6 mars [1846], vendredi matin, 9 h. ¾ 

Bonjour mon Toto adoré, bonjour mon bien-aimé, bonjour toi, comment vas-tu ce matin ? Es-tu rentré bien tard ? As-tu pensé à moi ? M’as-tu plainte et regrettéea, viendras-tu bientôt, mon cher amour ? Pour moi je te désire plus que de toutes mes forces et je t’aime de même. Je viens de remettre toutes mes affaires en ordre. Ce n’était pas inutile : je crois que je n’ai jamais été plus crottée de ma vie et cependant j’ai usé de l’omnibus à satiété. Il était nécessaire que j’allasse à la pension pour remonter un peu ma pauvre péronnelle et pour tirer l’affaire en question à clair [1]. Il résulte de ce que m’a dit Mme Marre et ma fille elle-même qu’il n’y a pas eu mauvaise volonté flagrante et constatée par conséquent on serait très mal venu à s’en plaindre. Aussi mon bien-aimé je te supplie de ne pas t’en préoccuper davantage et de pardonner à cette pauvre enfant toute la peine et tous les ennuis qu’elle t’a causés à ce sujet.
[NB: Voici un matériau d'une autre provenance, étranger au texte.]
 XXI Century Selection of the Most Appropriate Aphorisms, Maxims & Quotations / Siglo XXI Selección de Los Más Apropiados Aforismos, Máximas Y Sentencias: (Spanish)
Le plus simple est qu’elle mûrisse ses études jusqu’au moment où elle sera appelée. Je l’y ai fortement engagée. J’espère qu’elle suivra cet avis. S’il fait beau jeudi prochain j’irai la voir pour la maintenir dans ses bonnes résolutions de travail et d’application. Dans tout cela mon cher bien-aimé il n’y a que toi qui aurais le droit de te plaindre et d’être découragé et cependant c’est toi qui nous consoles et nous soutiens toutes les deux. Tu es un pauvre bien aimé doux et généreux que je baise et que j’adore.

Juliette

BnF, Mss, NAF 16362, f. 231-232
Transcription d’Audrey Vala assistée de Florence Naugrette


6 mars [1846], vendredi soir, 6 h. ¾ 

Tu ne veux pas que je sois triste de ton absence. C’est comme si tu ne voulais pas que je t’aime plus que ma vie, l’un m’est aussi impossible que l’autre. J’ai besoin de te voir pour être heureuse, j’ai besoin de t’aimer pour vivre. Te voilà parti probablement jusqu’à demain. Cette pensée me serre le cœur et me donne mal à la tête. J’ai beau me raisonner, l’effet produit est toujours le même. Je suis triste, mon Victor bien-aimé, mais c’est une manière de t’aimer loin de toi. Je ne voudrais pas être gaie, quand même je le pourrais, parce qu’il me semble que je t’aimerais moins. Si je vais chez Joséphine ce soir, ce qui n’est rien moins que sûr, ce n’est pas pour y chercher du plaisir, chose qu’elle n’a jamais eueª en elle, ni autour d’elle mais pour user les heures pendant lesquelles je ne peux pas t’espérer. J’aimerais mieux si les rues étaient désertes, marcher devant moi au hasard jusqu’à demain. Ne pouvant pas me livrer à cet exercice je le remplace comme je peux au risque de m’ennuyer beaucoup. Si tu reviens tout à l’heure, ce que je n’ose espérer, je serai bien moins malheureuse. Tâche de venir, mon Victor charmant, et tâche encore de revenir cette nuit. Autrefois tu n’y aurais pas manqué : c’est qu’autrefois tu m’aimais comme je t’aimais, comme je t’aime toujours et comme je t’aimerai jusqu’à mon dernier soupir.

Juliette

BnF, Mss, NAF 16362, f. 233-234
Transcription d’Audrey Vala assistée de Florence Naugrette

a) « eu ».

Notes

[1Claire Pradier a échoué aux épreuves orales de l’examen d’institutrice, le lundi précédent.